Ce qui n'était pas tout à fait faux. Il avait dépensé au moins cinq mille pierres spirituelles au pavillon Duobao pour être enfin invité. Le cultivateur indépendant moyen n'avait jamais la moindre chance.
Un demi-mois plus tard, Lin Jiang assista à son premier Forum d'Échange. Nerveux comme tout nouveau venu, il resta silencieux tout du long, écoutant avec attention. Il ne participa pas non plus à la séance de troc. Cette première fois n'était que pour apprendre.
Le forum lui ouvrit tout de même les yeux. Le monde de la cultivation était vaste, avec d'innombrables techniques, trésors et matériaux spirituels dont il n'avait vraiment jamais entendu parler.
« Ils sont organisés chaque mois et ne durent que quelques heures », calcula Lin Jiang. « Un investissement en temps minime, mais de riches retombées.
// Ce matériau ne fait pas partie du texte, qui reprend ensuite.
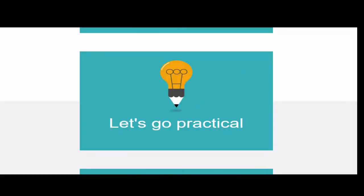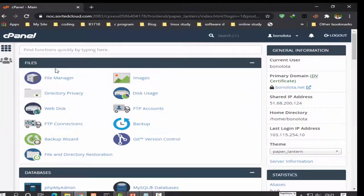Hi guys, let's go to the practical part. Open your cPanel account. First step, login to your cPanel.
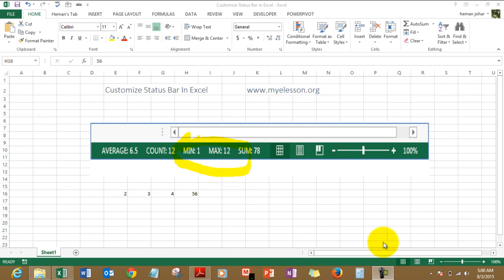Hello everybody and welcome to My Lesson. I'm your guru and in this video I'll tell you how to customize the status bar in Excel. Well, what is the status bar? Well, this is the status bar in Excel.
Je dois y venir plus souvent. »
Il résolut d'y participer régulièrement. S'enfermer à étudier ne suffirait tout simplement pas. Sa connaissance du monde de la cultivation était bien trop superficielle. Et les gens qui fréquentaient ces forums appartenaient pour la plupart à l'élite — les informations qu'ils partageaient semblaient bien plus fiables que les ragots du Grand Bazar.